The Sunday Business Post, 14 April 2019, The gig economy undoubtedly has benefits, but it is not a universal blessing.  New ways of working and earning – gig, trading and sharing activity typified by the likes of eBay, Deliveroo, and Airbnb – mean different things to different people. They can provide better service and bargains for consumers, new opportunities to make money or a better return on property.  They also prompt a whole range of questions about issues like data protection, workers’ rights and of course taxation.  In developed countries, the taxman will never be too far away from wherever money changes hands.

One of the functions of the OECD is a coordinating role, bringing together the heads of tax administrations of the OECD member countries to share knowledge and experience derived from what's going on in their territories.  This group meets frequently (it met last month in Chile), and among its current topics for discussion is the gig economy.  That’s not too surprising because revenue authorities always prefer formal arrangements and by definition, gig economy and sharing economy arrangements are relatively informal. 

The companies offering the platforms and facilities are typically established, regulated and compliant and are not the issue.  The tax risk is where money is made by individuals participating in the gig economy, but who might not be registered for tax purposes anywhere.  Others using their spare time for gig economy activity are PAYE workers, where the responsibility for tax compliance on their wages largely rests with the employer. 

That means that many participants in the gig economy may be unfamiliar with, or choose to be unfamiliar with, the tax responsibilities which arise when money is made.  Not only that, because some goods and services like accommodation are traded across borders, money leaks out of the local economy and ends up being taxed nowhere.

Some years ago, the UK authorities dealt quite elegantly with these problems by simply declaring that earnings under £1,000 from the gig economy would be exempt.  But that, at best, is only a partial solution.

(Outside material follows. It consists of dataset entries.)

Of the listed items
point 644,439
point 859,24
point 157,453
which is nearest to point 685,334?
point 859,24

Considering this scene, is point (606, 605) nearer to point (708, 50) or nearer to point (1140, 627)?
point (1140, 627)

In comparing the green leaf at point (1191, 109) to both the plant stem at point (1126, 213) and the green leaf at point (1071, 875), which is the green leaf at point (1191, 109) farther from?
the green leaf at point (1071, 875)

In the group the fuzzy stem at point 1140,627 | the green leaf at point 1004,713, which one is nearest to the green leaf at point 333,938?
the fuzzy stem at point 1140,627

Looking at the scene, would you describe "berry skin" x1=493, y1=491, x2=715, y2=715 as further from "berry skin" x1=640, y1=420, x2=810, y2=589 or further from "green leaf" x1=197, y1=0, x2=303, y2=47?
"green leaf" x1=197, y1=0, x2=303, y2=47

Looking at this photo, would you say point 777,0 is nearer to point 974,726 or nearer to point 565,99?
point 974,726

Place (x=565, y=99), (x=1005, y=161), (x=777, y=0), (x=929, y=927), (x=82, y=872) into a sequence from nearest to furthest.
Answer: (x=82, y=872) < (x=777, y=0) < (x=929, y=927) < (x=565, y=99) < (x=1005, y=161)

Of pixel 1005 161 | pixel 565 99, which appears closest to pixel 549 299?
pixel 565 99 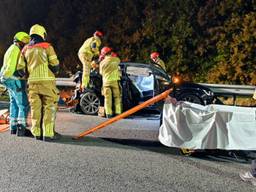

Failing to tax the gig economy is not just a tax issue.  Untaxed commercial activity confers an unfair advantage over businesses which do account for and pay over their tax properly.  It's about creating a level commercial playing field.  The aspiration among the OECD revenue authorities seems to be to sort out the gig economy activities while they are still a relatively small part of total business activity. 

Rather than looking at the activities of individual taxpayers, it seems that the revenue authorities propose to engage what they call the platform sellers – the coordinating organisations which provide the applications and the infrastructure to make the commerce happen.  Up to now, very few countries have introduced specific tax rules to catch gig economy activity, preferring instead to run advertising and awareness campaigns.  The power available to the Irish revenue to obtain information about people providing short-term accommodation through the likes of AirBnB is quite unusual. 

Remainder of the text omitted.